Manufacturing figures at 28-month low a 'genuine cause for concern', say economists


A key measure of manufacturing activity in the UK fell to a 28-month low in October as output, new orders and employment in the sector declined.

The Markit/CIPS UK Manufacturing Purchasing Managers Index (PMI) fell to 47.4 from a score of 50.8 in September, with a substantial reduction in new orders. This was partly linked to clients "delaying purchases or destocking in response to the deteriorating global economic backdrop", according to the economists who compiled the data.

The monthly survey measures changes in activity levels across hundreds of manufacturers. It had previously shown that manufacturing activity in the UK had returned to "moderate" growth in September for the first time in three months. Although the figure had been adjusted down from an original 51.1, it remained above the score of 50 which indicates growth.

Markit said the October figure was the lowest since June 2009.

Nida Ali, an economic adviser to Ernst and Young's forecasting group the ITEM Club said the sharp decline was a "genuine cause for concern".

"What is particularly worrying is the decline in new orders, especially from abroad. Clearly the knock-on effects of the recent turmoil in financial markets are starting to be felt on the UK economy, and these trends are likely to continue in the coming months" she said.

Manufacturing law expert John Tyerman of Pinsent Masons, the law firm behind Out-Law.com, agreed with the analysis. He pointed out that manufacturing sector figures out of China earlier in the week had also fallen - their first drop in three months.

"I think that there is so much uncertainty around that no one really has a clue what's going to happen and consumers are hunkering down," he said.

Markit had warned that a large part of September's surprise growth related to companies working through a backlog of orders already on their books. Over the course of October this backlog fell to its lowest level in over two years, the survey said. This had led manufacturers to implement further job cuts, meaning that staffing levels fell for the fourth month running.

Rob Dawson, Markit's senior economist, said that the most worrying aspect of the survey was the decline in new orders coming through.

"Companies are facing tough conditions in both domestic and overseas markets, meaning that output is increasingly being sustained through the depletion of backlogs of work.

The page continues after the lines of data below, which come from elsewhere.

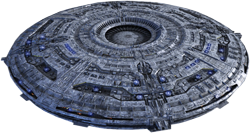 cerulean1.png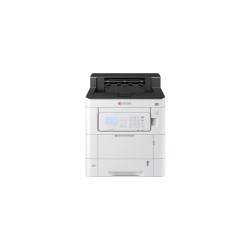 Kyocera ECOSYS PA4000cx Spausdintuvas lazerinis spalvotas Duplex A4 40 ppm Ethernet LAN USB (SPEC)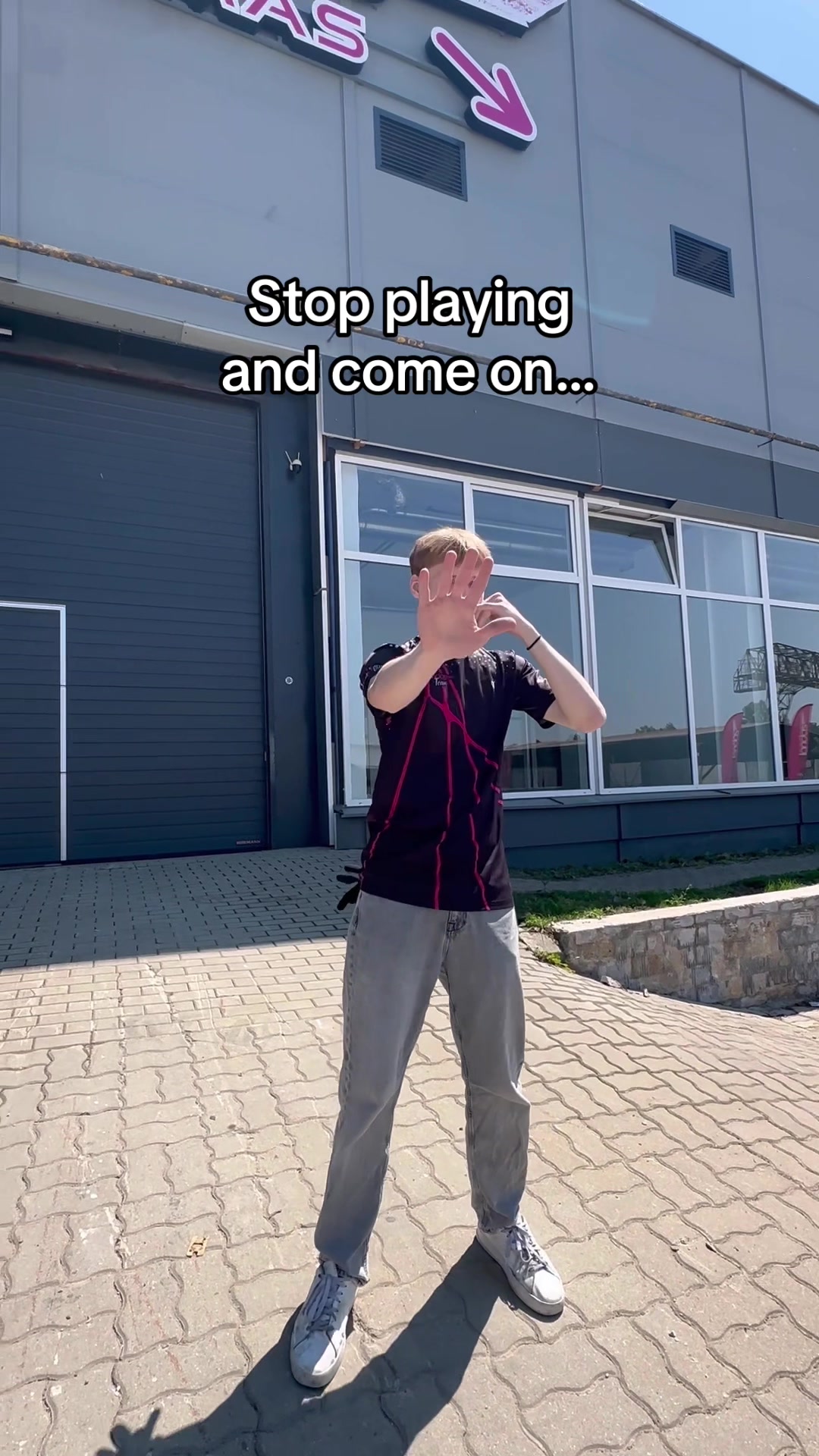 @Kartlandas_kartodromai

A marked recovery in the replenishment rate of order books is needed to prevent the renewed manufacturing downturn becoming embedded," he said.

The reduction in input costs and inflation pressures shown by the survey was a "sole bright spot", he said.

Terry Scuoler, chief executive of manufacturers' organisation EEF said that the figures showed that uncertainty in the Eurozone was beginning to translate into weakening demand.

"So long as the crisis remains unresolved this is likely to hold back growth in the next few months. It is ever more vital that [the Chancellor's] Autumn Statement sends out a clear message to industry that the government is pulling every lever it has to promote investment and growth," he said.